What to produce: Starting with the line that contains "BookFab Kobo Converter", give again exactly and only each line through the end of the records; include the last line and exclude pictures.
----- Exercise material -----
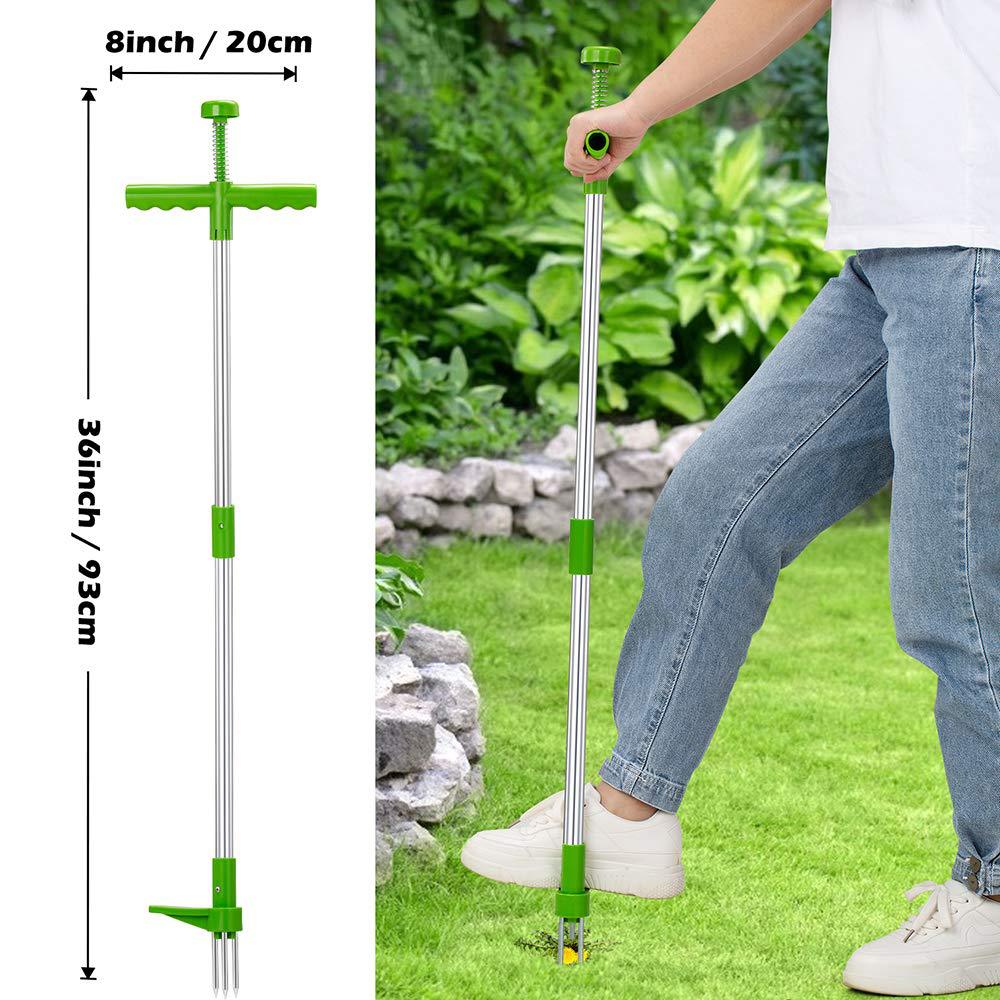 Manuel dayanıklı öldürücü arac - Gardening Tools For Weeds incelemesi ve fiyatı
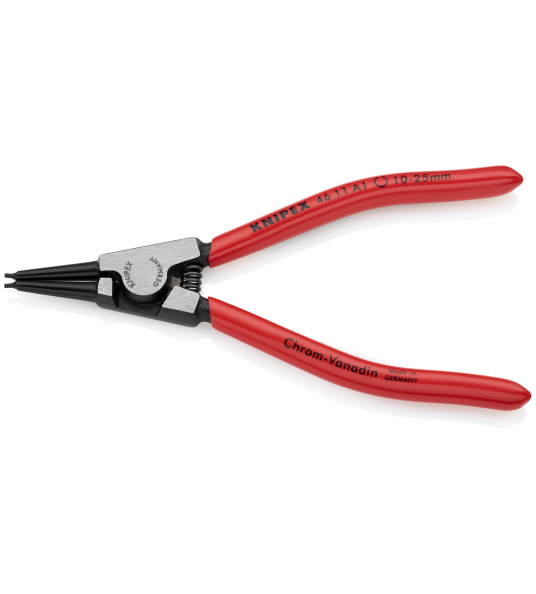 KNIPEX 46 11 A1 BORGVEERTANG TBV BUITENRINGEN RECHT 10-25 MM KNIPEX 46 11 A1 BORGVEERTANG TBV BUITENRINGEN RECHT 10-25 MM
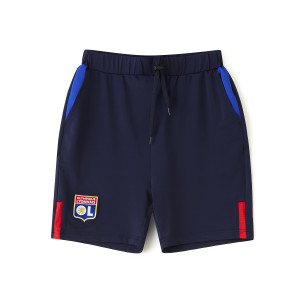 Junior's Training Strike Navy Blue Shorts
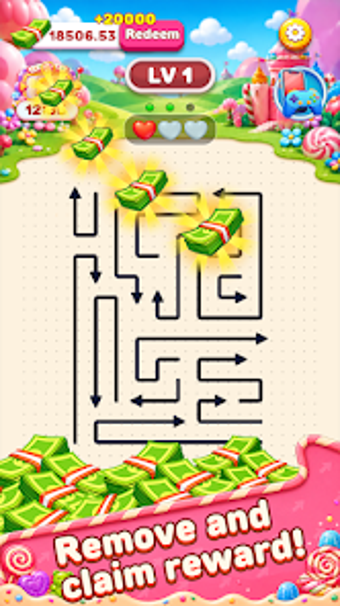 Arrow Relax: Tap Outの画像0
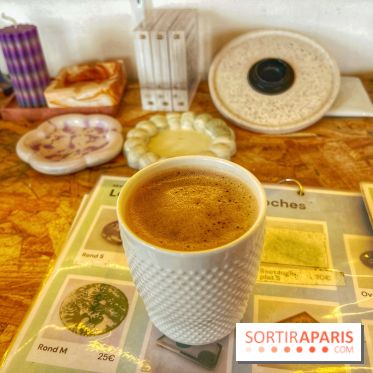 Etagère Café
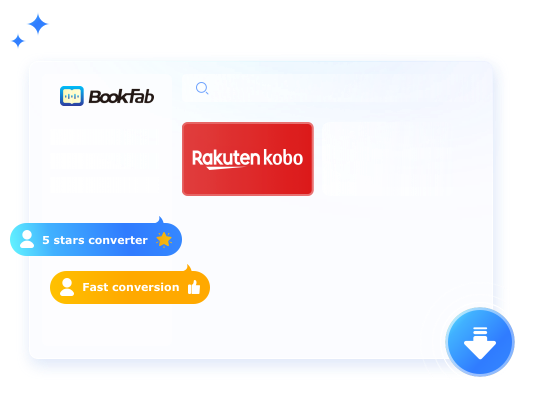BookFab Kobo Converter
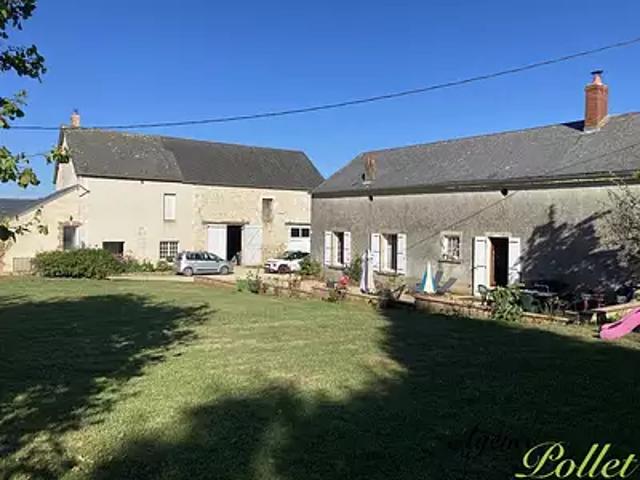 Maison vente à Bourges, Sancerre
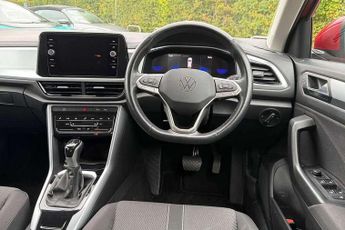 Volkswagen T-Roc 1.5 TSI Life 5dr DSG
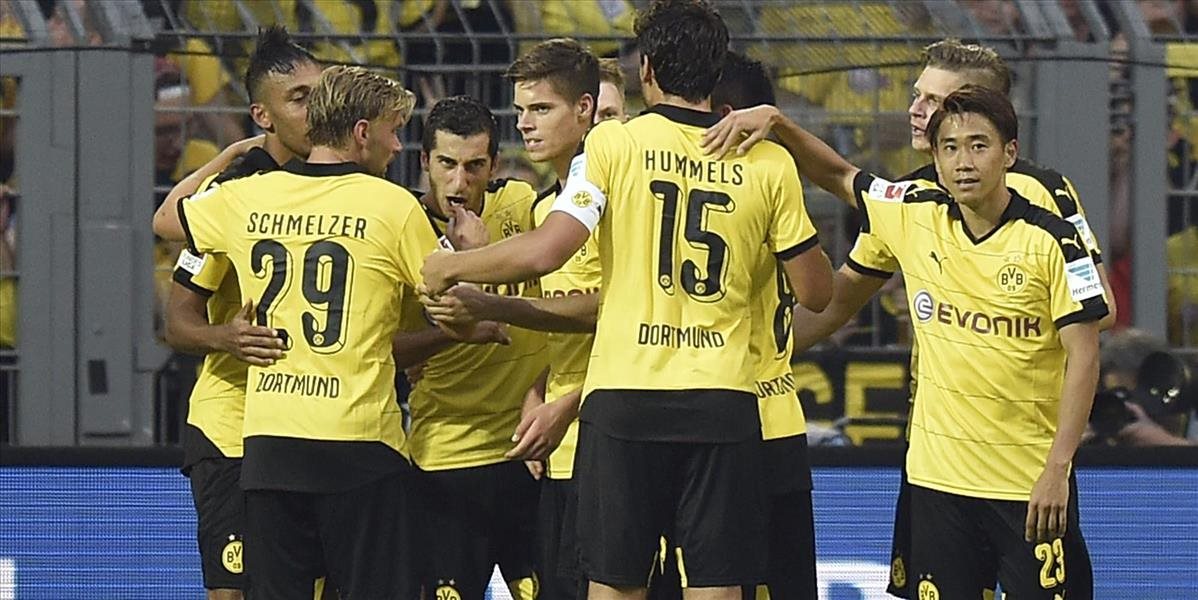Dortmund sa vyhol hanbe v Nórsku, otočil z 0:3 na 4:3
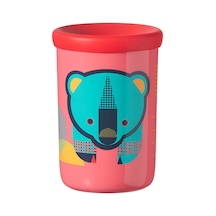 Tommee Tippee 360 Derece Desenli Bardak 250 ML Pembe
-----
Answer box:
BookFab Kobo Converter
 Maison vente à Bourges, Sancerre
 Volkswagen T-Roc 1.5 TSI Life 5dr DSG
Dortmund sa vyhol hanbe v Nórsku, otočil z 0:3 na 4:3
 Tommee Tippee 360 Derece Desenli Bardak 250 ML Pembe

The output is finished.